• _RECORDS FOR PROCESSING_:
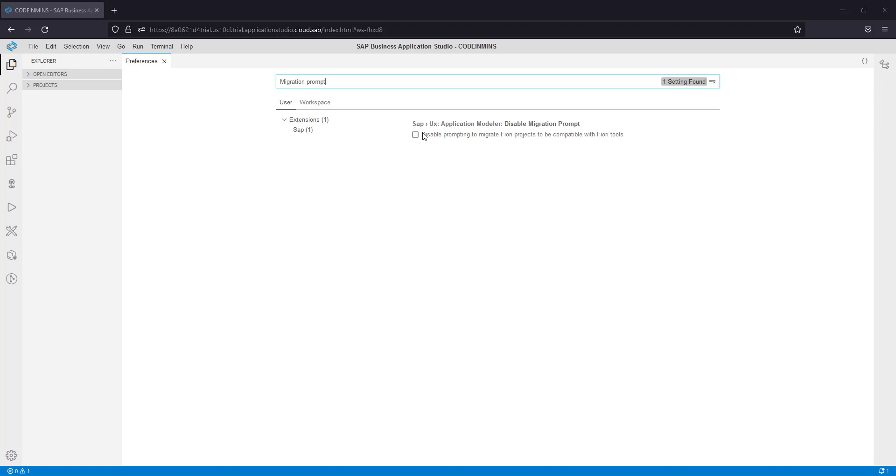Then the next time you try to import a project from web IDE to Business Application Studio, you'll see the migration prompt.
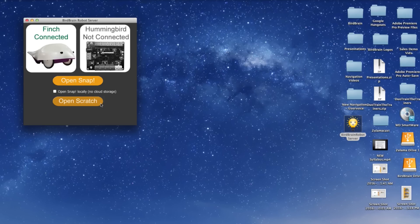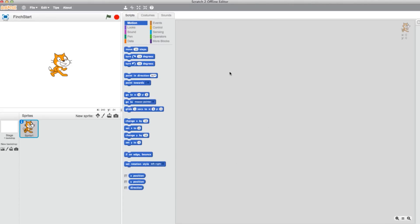Just below that, you should see the option to open Scratch. Click Open Scratch. When you select Open Scratch, this will open the offline version of the Scratch interface. If you hadn't had a chance to download this yet, click on the link below to get that setup.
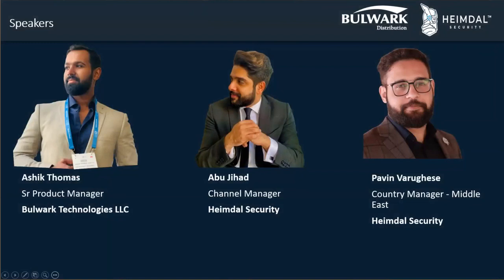I want to thank everyone, and I'm glad that the Oman team is here to witness this solution. We'll take you through it and of course we will have a quick Q&A round towards the end as well.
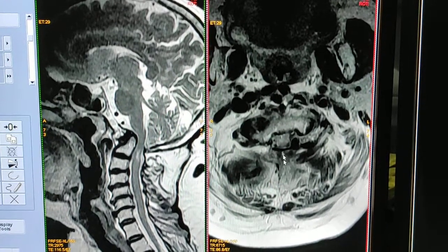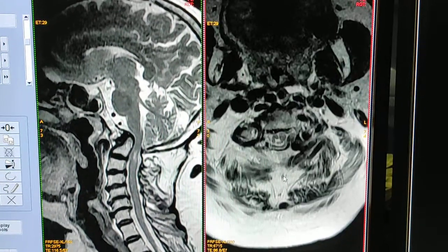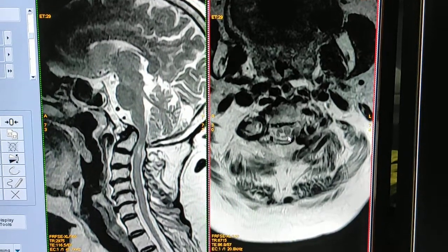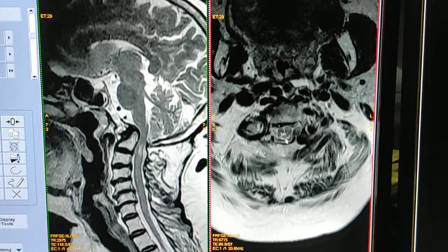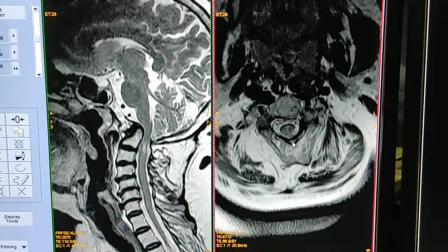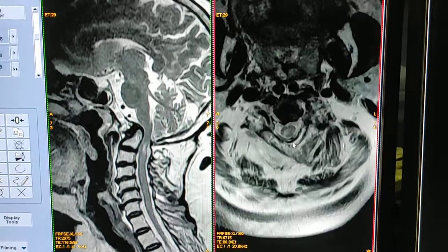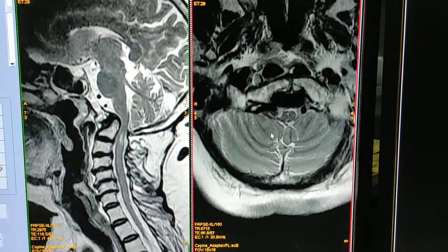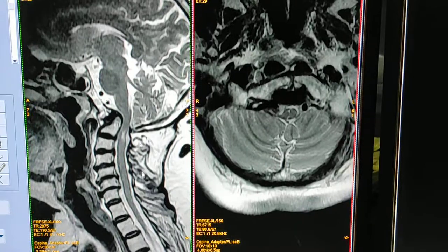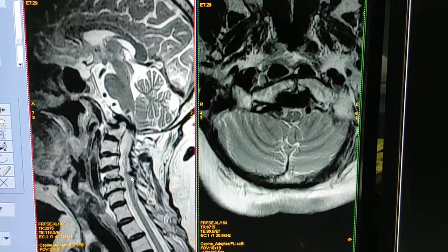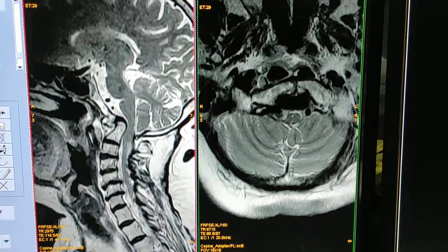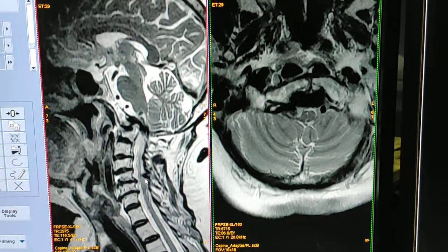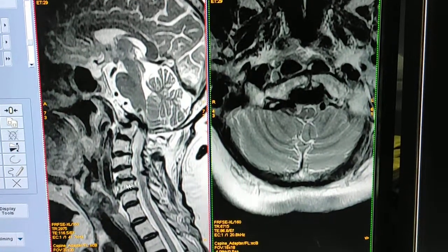You can see this signal in the cervical spinal cord. From this type of picture you can make the diagnosis.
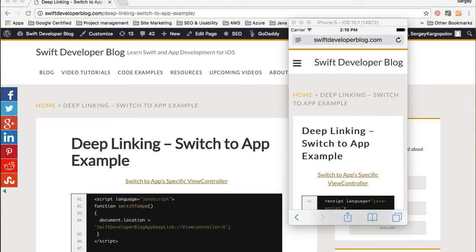In this video, I'm going to share with you how to add deep linking support for your mobile application using custom URL schema. There is also another way of implementing deep linking for your mobile app called universal linking, and I'm going to share how to do it in one of my next videos.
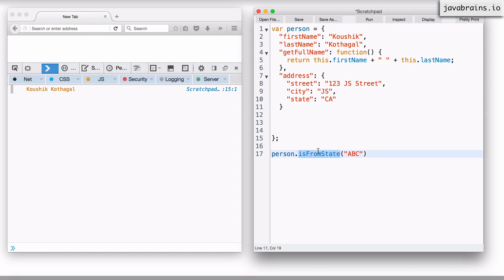Okay, so this is what we wanted to do. We wanted to have an isFromState method which takes in an argument and then compares the input to the state that this person is part of.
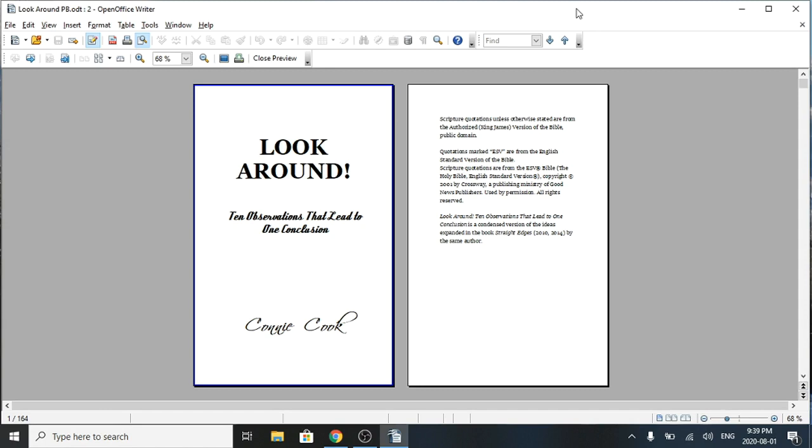I'm going to be starting a series on turning your paperback book into an e-book. So I'm starting with a paperback book that I published some time ago and I'm going to show you how I turn it into an e-book.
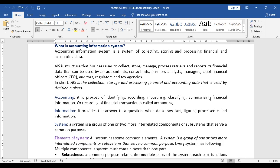As a business is categorized into top, middle, and operational levels, many users are involved. Information is collected from all internal and external sources, stored, managed, and processed, then presented to all levels. Accountants, consultants, business analysts, managers, CEOs, auditors, and other internal and external users all play a role in the accounting information system. In short, AIS is a collection of storage and processing of financial and accounting data used by decision makers.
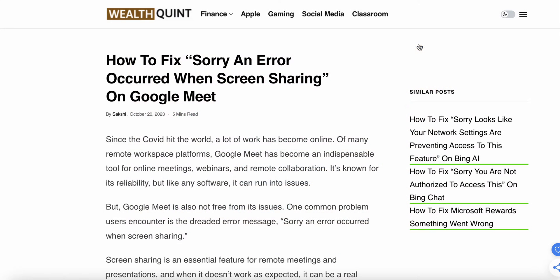Welcome back to my YouTube channel. Today we'll see how to fix the sorry, an error occurred when screen sharing on Google Meet. Since COVID hit the world, a lot of work has become online. Many remote work platforms like Google Meet have become indispensable tools for online meetings, webinars, and remote collaboration.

• _EXERCISE REQUIREMENTS_:
Repeat, with no pictures, each line from the beginning of the data through the line containing "You can see", inclusive.

• _SOLUTION TO THE PROBLEM_:
Then the next time you try to import a project from web IDE to Business Application Studio, you'll see the migration prompt.
Just below that, you should see the option to open Scratch. Click Open Scratch. When you select Open Scratch, this will open the offline version of the Scratch interface. If you hadn't had a chance to download this yet, click on the link below to get that setup.
I want to thank everyone, and I'm glad that the Oman team is here to witness this solution. We'll take you through it and of course we will have a quick Q&A round towards the end as well.
You can see this signal in the cervical spinal cord. From this type of picture you can make the diagnosis.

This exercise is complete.